Bagi warga AS, ini mungkin merupakan berita baik, tetapi bagi kebanyakan negara lain, kekuatan dolar AS merupakan berita buruk.
Eswar Prasad, seorang ekonom di Brookings Institution dan profesor di Universitas Cornell, menyebut dolar AS sebagai paradoks.
Banyak negara yang terpaksa menggunakan dolar AS karena tidak banyak pilihan alternatif yang tersedia.
"Jadi inilah paradoksnya. Seluruh dunia membenci betapa dominannya dolar, namun mereka beralih ke dolar AS, karena benar-benar tidak ada banyak alternatif," katanya, seperti dilansir oleh CNBC, Senin (9/1/2023).
Baca Juga: Binance Menunjukan Dana Pemulihan Industri Crypto Miliaran Dolar untuk Mengembalikan Kepercayaan
Hampir 60% dari cadangan devisa bank sentral dunia, atau uang yang disimpan untuk menutupi keadaan darurat, diinvestasikan dalam aset berbentuk dolar.
Pangsa dolar AS sebagai mata uang pembayaran di seluruh dunia diperkirakan lebih dari 40%. Dolar AS juga menghasilkan lebih dari 60% utang internasional dan 50% pinjaman global.

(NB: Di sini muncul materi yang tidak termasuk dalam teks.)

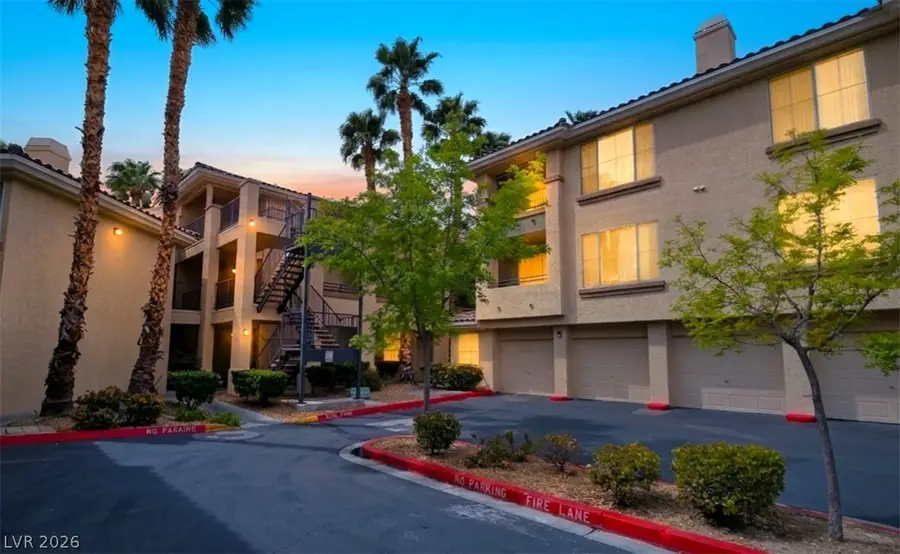 7103 S Durango Drive #105, Las Vegas, NV 89113 - #3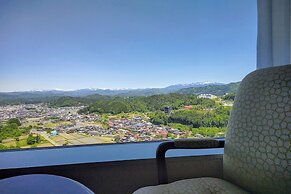 Hotel Associa Takayama Resort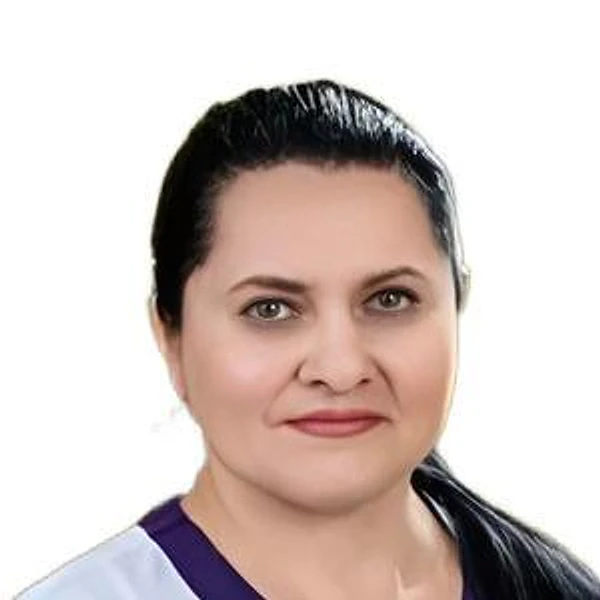 Самонкина Елена Александровна — Физиотерапевт, Орёл
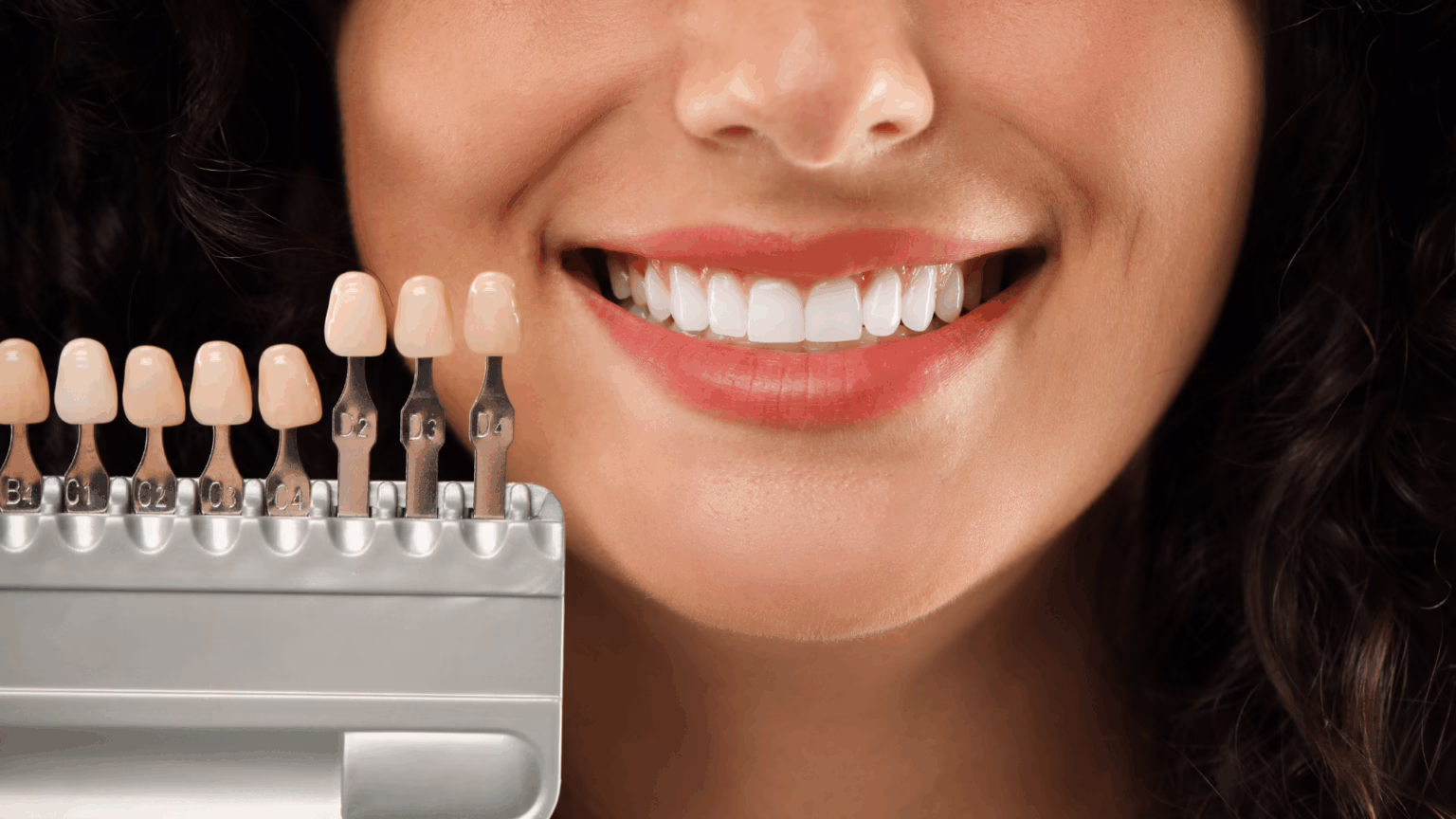 Cosmetic Dentistry Is More Than a Pretty Smile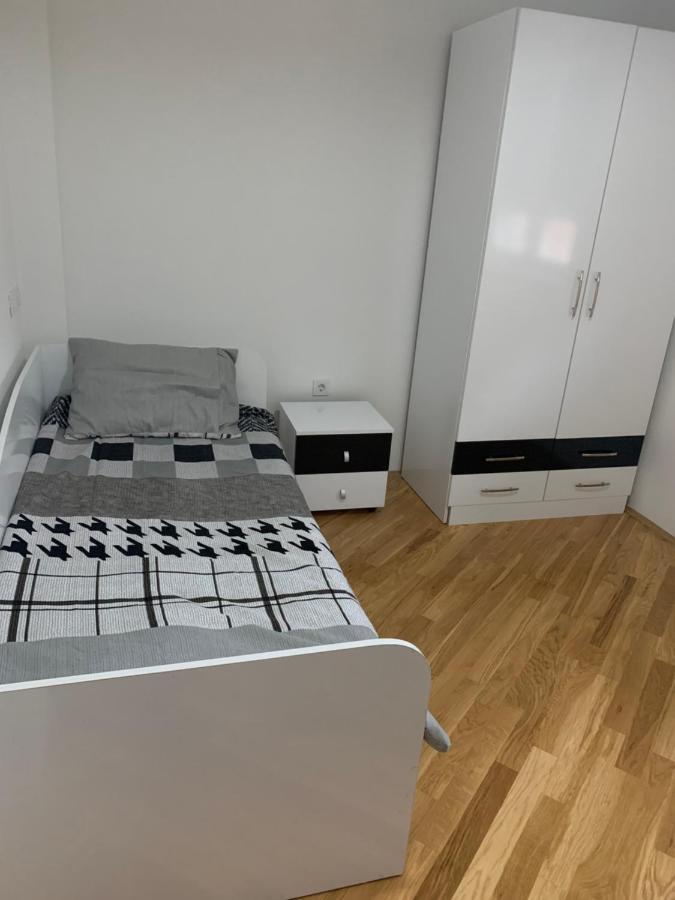 Luxury Suites Markov Μπίτολα Εξωτερικό φωτογραφία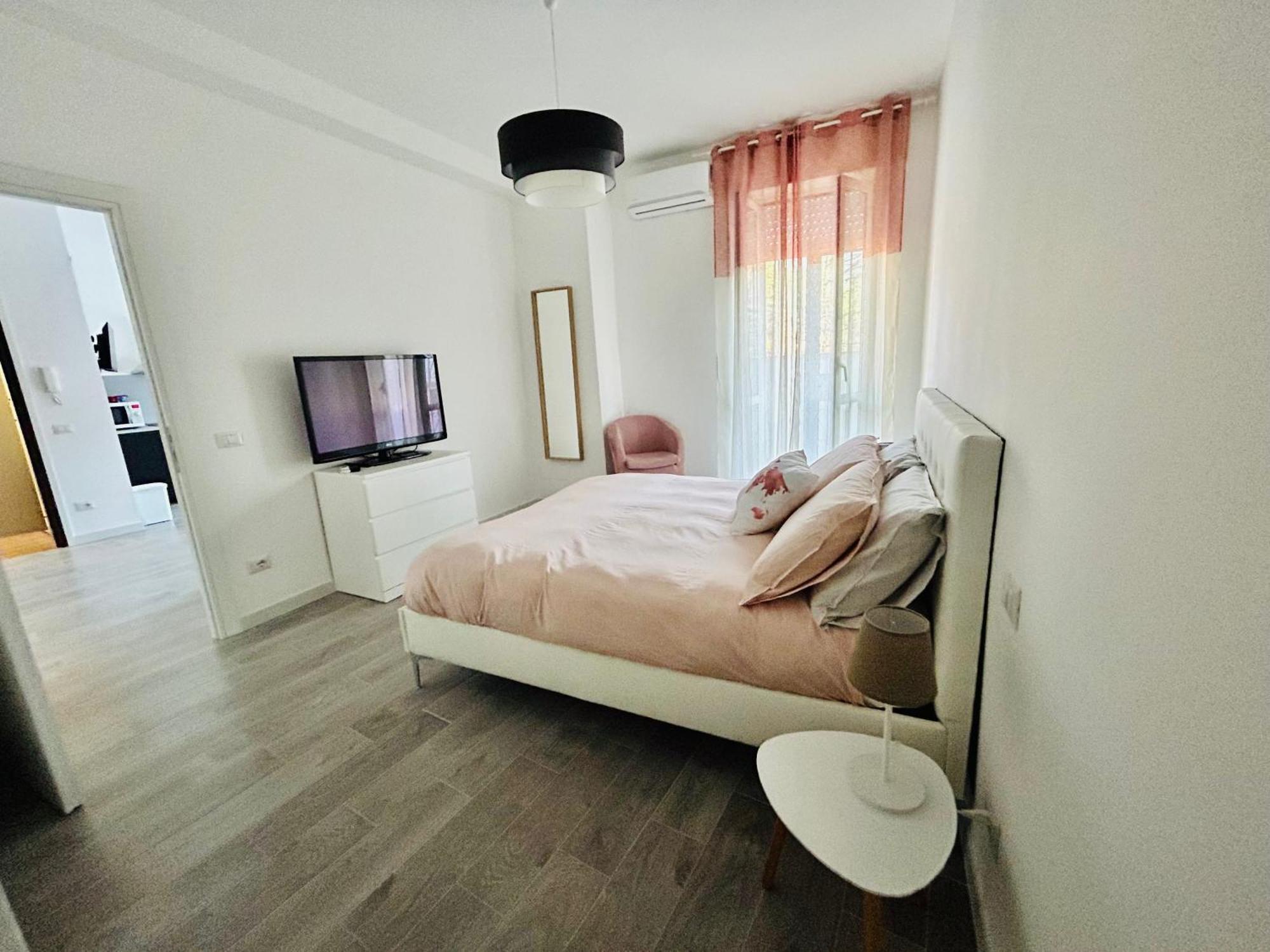 Casa Di Vincenzo Apartamento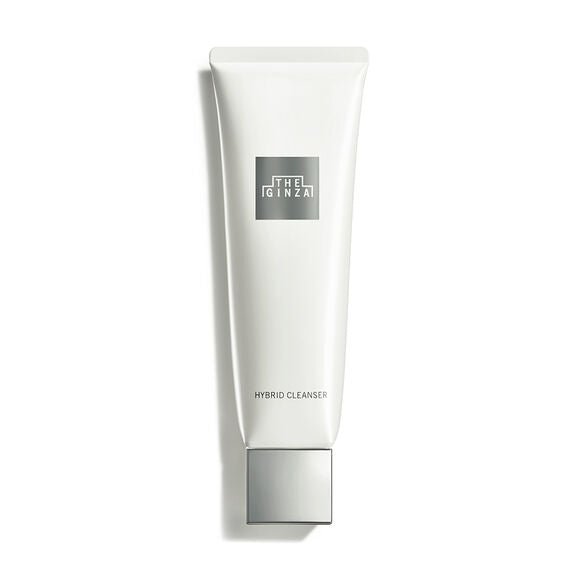 THE GINZA 御銀座 柔澈淨採面膜 130g - La Fée Beauty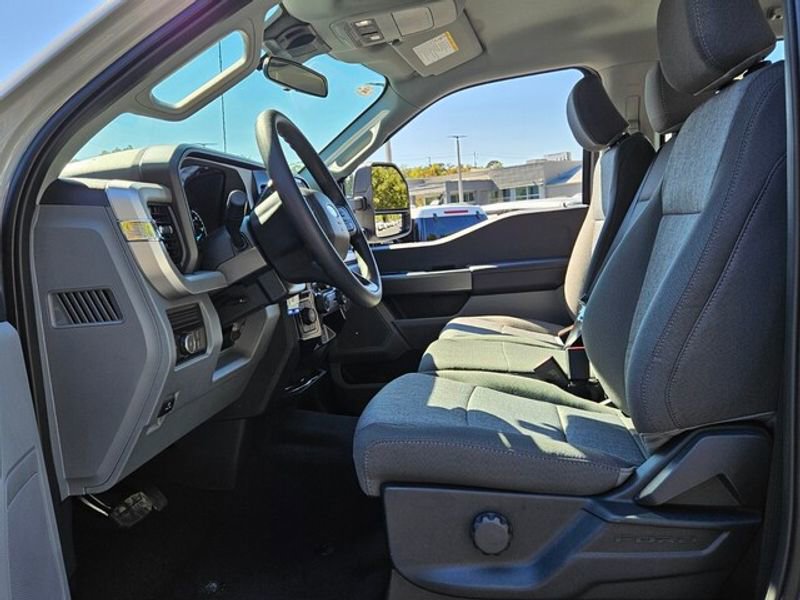 New 2026 Ford F350 XL image 6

Selain digunakan sebagai mata uang untuk transaksi keuangan internasional, komoditas seperti minyak juga dibeli dan dijual dalam dolar AS.
Dominasi dolar juga terlihat dalam transaksi di sistem perbankan AS, yang pada gilirannya dipengaruhi oleh kebijakan fiskal dan moneter Amerika.
Hal ini, menurut Eswar Prasad, akan "memperkuat dominasi dolar lebih jauh lagi." Ia juga menyatakan bahwa hal ini menjadi masalah bagi negara-negara berpenghasilan rendah, terutama jika negara tersebut memiliki tingkat utang luar negeri yang tinggi, terutama jika utang tersebut dalam bentuk dolar.
Baca Juga: Wow Cardano Diklaim Mendapatkan Stablecoin Sesuai Peraturan Pertama yang Didukung Dolar Penuh
Inflasi meningkat
Minyak dan komoditas lain seperti logam dan kayu umumnya diperdagangkan dalam mata uang dolar.
Ketika dolar menguat, harga komoditas ini pun meningkat dalam mata uang lokal.
Sebagai contoh, harga minyak sebesar US$100 (Rp 1,5 juta) dalam pound sterling meningkat dari £72 (Rp 1,3 juta) menjadi £84 selama setahun terakhir.
Hal ini menimbulkan pukulan ganda, karena harga minyak dalam dolar AS juga meningkat tajam.